2008 Avrupa Futbol Şampiyonası finallerinde aynı grupta yer alan ve ilk maçlarını birbirleriyle yapacak olan (A) Milli Takım'ın teknik direktörü Fatih Terim ile Portekiz Milli Takımı'nın teknik direktörü Luiz Felipe Scolari, İstanbul'da bir araya geldi.
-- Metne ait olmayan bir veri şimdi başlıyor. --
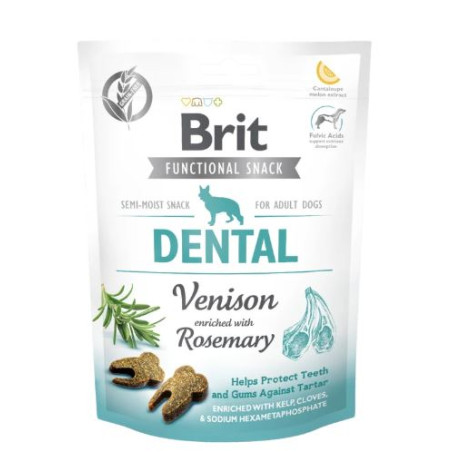 Brit Care Przysmak Functional Snack Dental dla psa op. 150g 101-111418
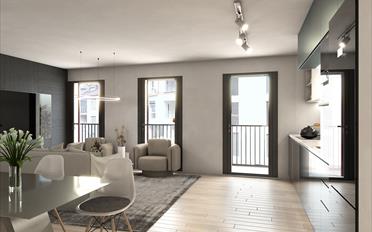 Apartment 4 rooms - image - 5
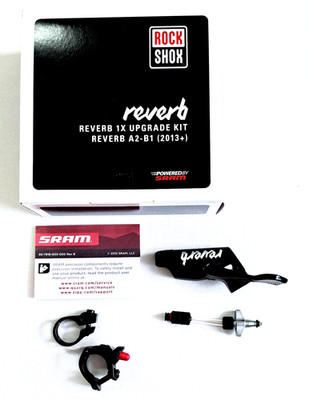 RockShox Reverb 1X Remote Upgrade Kit A2-B1 (2013+) Hebel Fernbedienung Schwarz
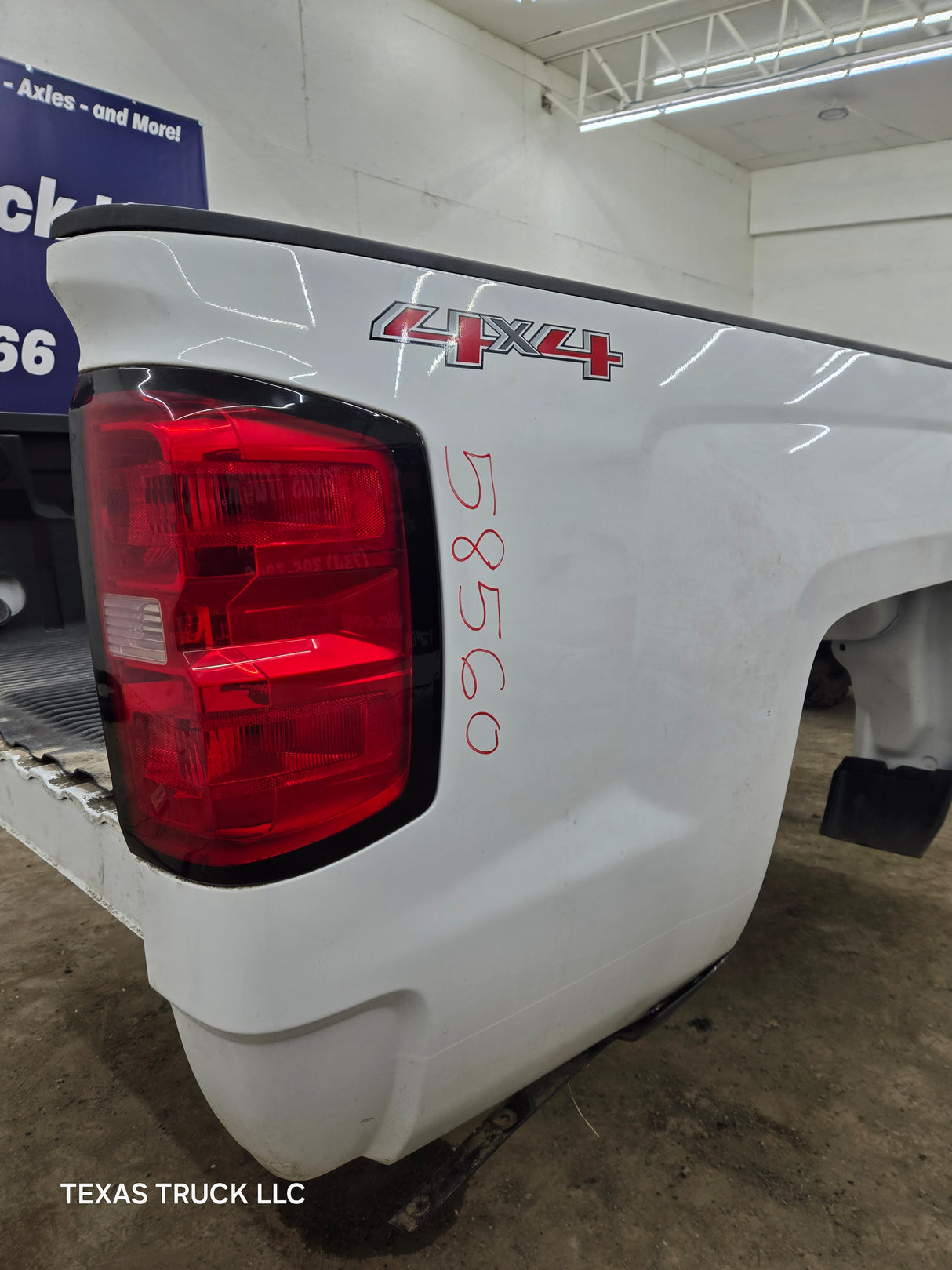 2014-2019 Chevrolet Silverado 1500 2500 3500 HD 8' Long Truck Bed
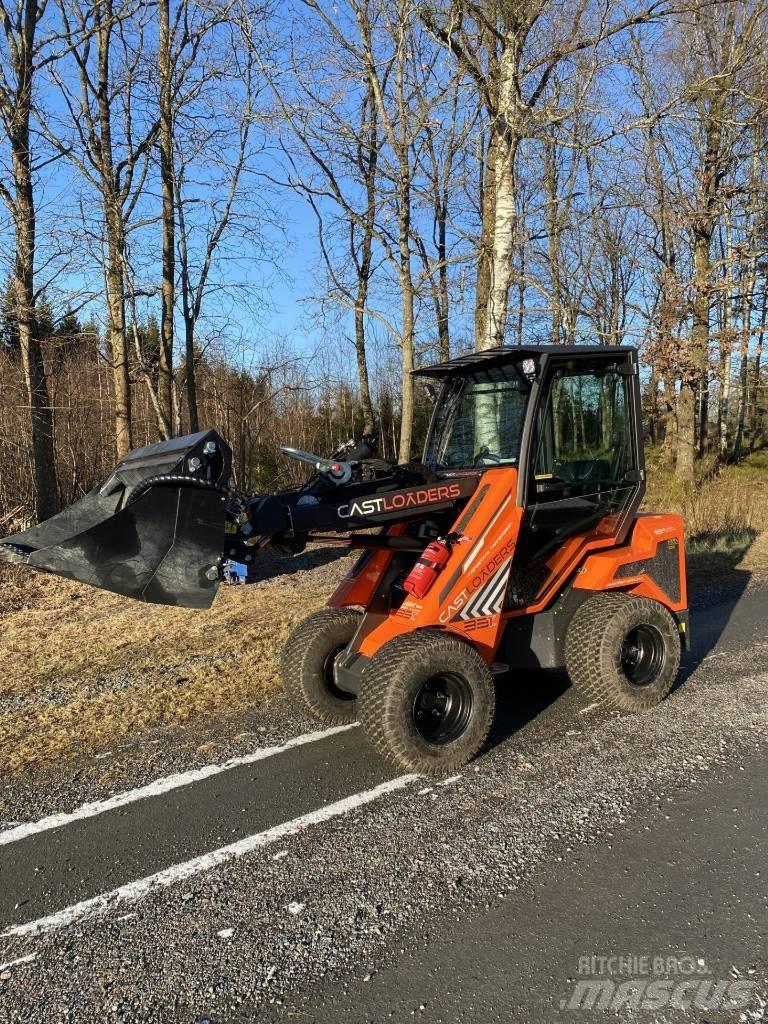Cast 33 TLX Minilader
Ceylan Intercontinental Oteli'nde gerçekleştirilen "İstanbul Sports Venue 2008" konferansına konuşmacı olarak katılan Fatih Terim ve Luiz Felipe Scolari, daha sonra basın toplantısı düzenlediler. Medya mensuplarının sırayla sorularını yanıtlayan iki tecrübeli teknik adamın oldukça samimi diyalogları da dikkat çekti. Milli Takım oyuncularının, Antalya'da gerçekleştirilen organizasyonun ardından lig yorgunluğunu hala üzerlerinden atamadıklarını, bazı oyuncularının ise liglerinin sürdüğünü anlatan Fatih Terim, Almanya'nın Bielefeld kentindeki çalışmalarda oyuncularının en üst seviyeye
ulaşacağına inandığını kaydetti. Sakatlığı bulunan oyunculardan Servet'in şampiyonaya yetişeceğine inandığını söyleyen Fatih Terim, "Benim şahsi kanaatime göre, tabii ki doktorlar daha dikkatli konuşabilir, oynayabileceğini düşünüyorum. Ağrı
eşiği yüksek, dirençli bir oyuncu" dedi.
-HAKAN ŞÜKÜR TERCİHİ-
Fatih Terim, (A) Milli Takım'da uzun süre forma giyen Hakan Şükür'ü, 2008 Avrupa Şampiyonası finalleri için kadroda tercih etmemesinin sorulması üzerine, şunları söyledi: "1989-1990 yıllarından beri Hakan Şükür'e formayı seve seve verdim.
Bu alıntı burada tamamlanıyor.